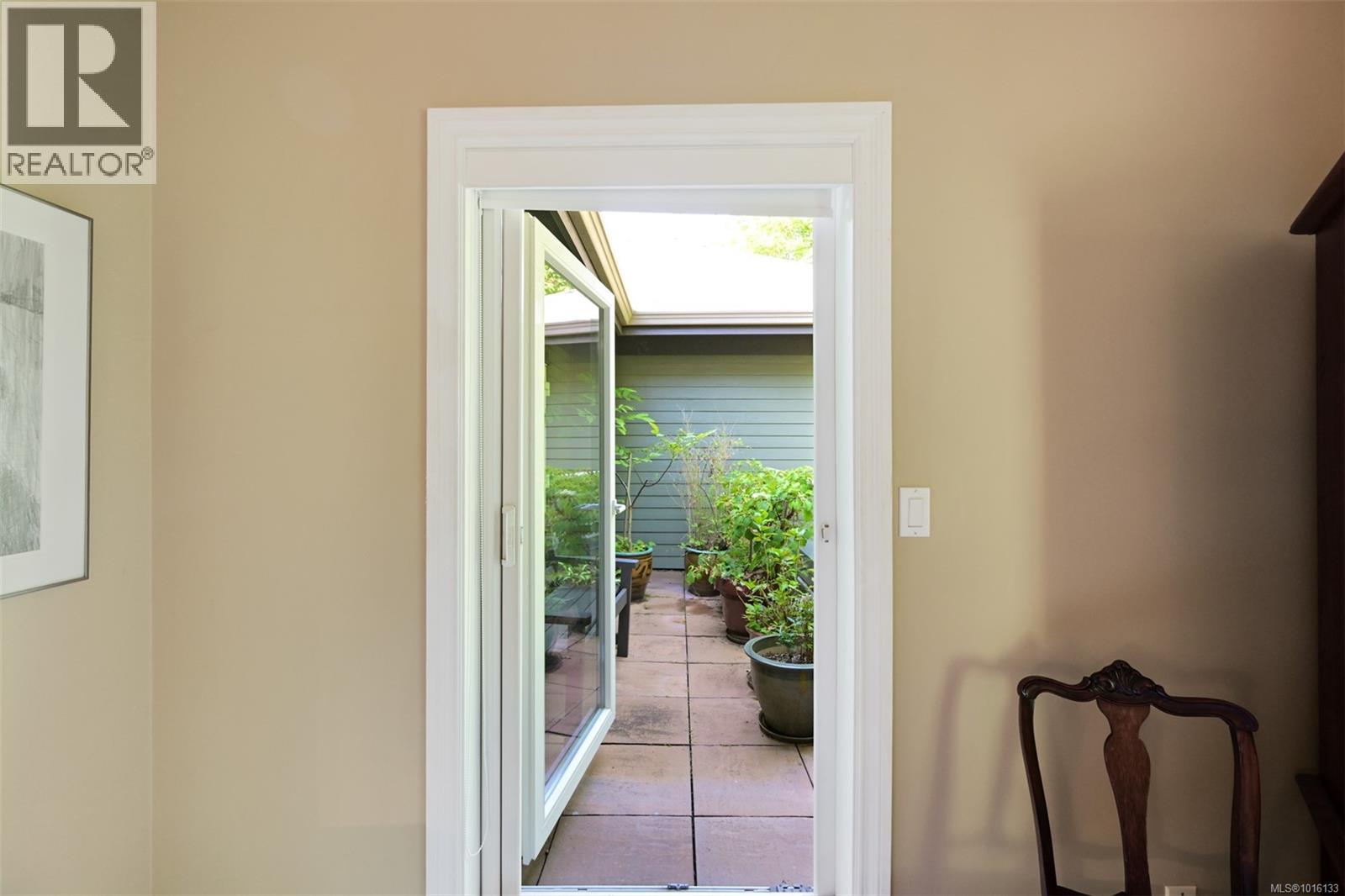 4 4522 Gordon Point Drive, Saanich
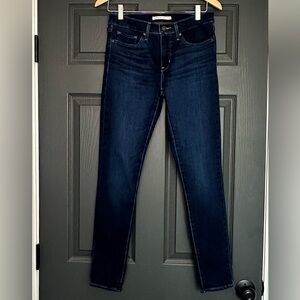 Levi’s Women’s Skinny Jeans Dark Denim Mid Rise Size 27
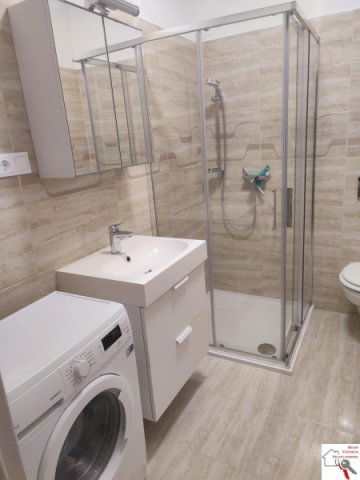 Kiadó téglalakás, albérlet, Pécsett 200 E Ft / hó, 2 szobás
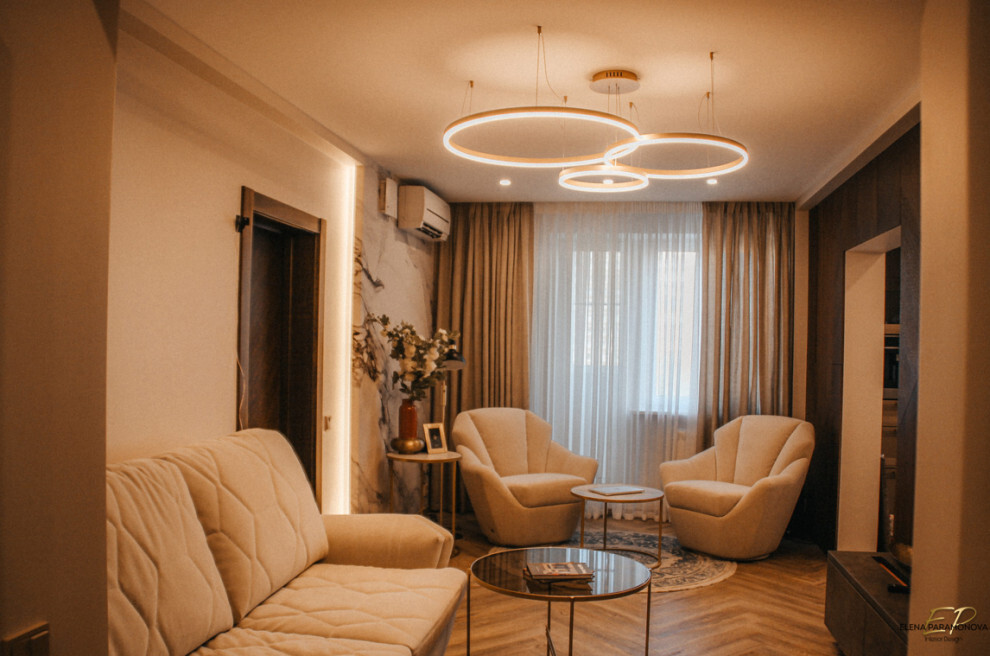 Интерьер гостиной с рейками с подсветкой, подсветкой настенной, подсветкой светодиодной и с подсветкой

--

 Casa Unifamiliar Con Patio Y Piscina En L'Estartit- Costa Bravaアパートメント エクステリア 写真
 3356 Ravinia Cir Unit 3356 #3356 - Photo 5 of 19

==

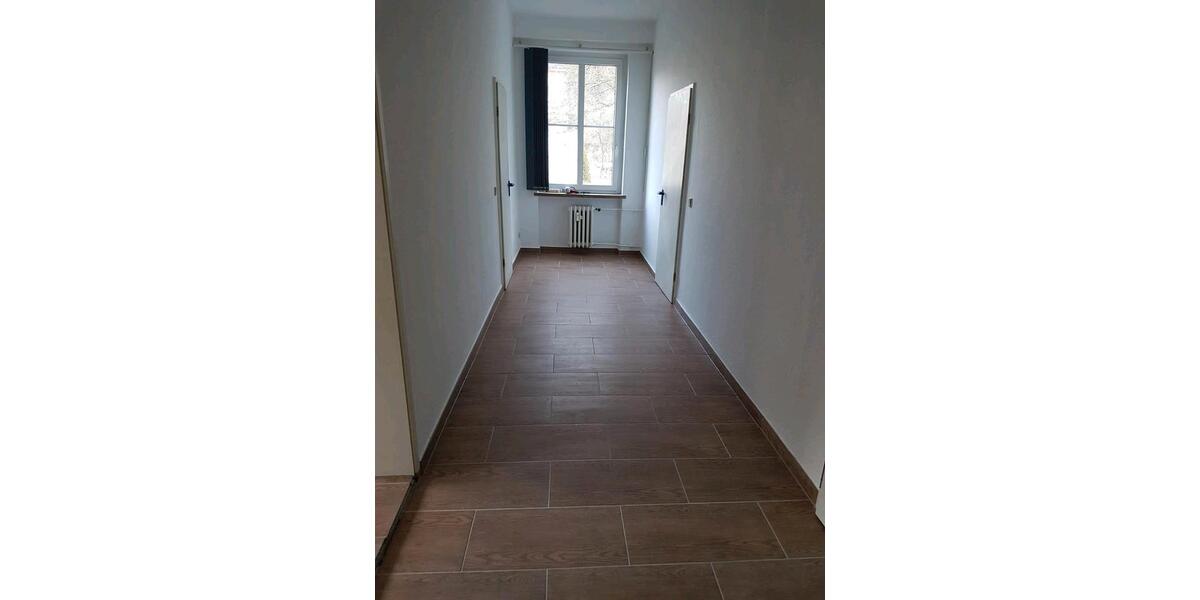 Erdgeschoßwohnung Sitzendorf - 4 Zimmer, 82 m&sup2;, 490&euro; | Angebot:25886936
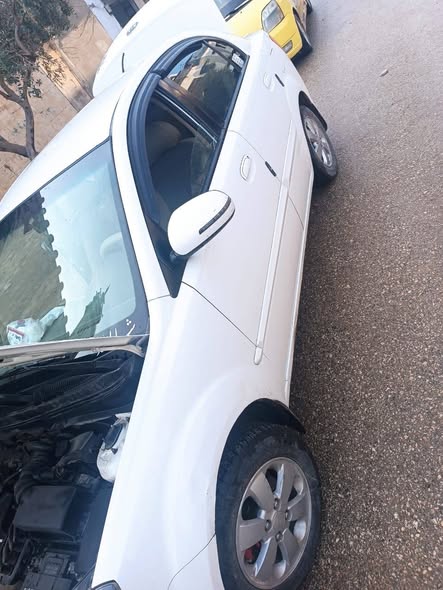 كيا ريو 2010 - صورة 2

Your assignment:
Take the entries above and copy exactly the lines starting at the one with "Kiadó téglalakás, albérlet, Pécsett" and ending at the one with "Интерьер гостиной с"; nothing outside that span, and no pictures.

Solution to this task:
 Kiadó téglalakás, albérlet, Pécsett 200 E Ft / hó, 2 szobás
 Интерьер гостиной с рейками с подсветкой, подсветкой настенной, подсветкой светодиодной и с подсветкой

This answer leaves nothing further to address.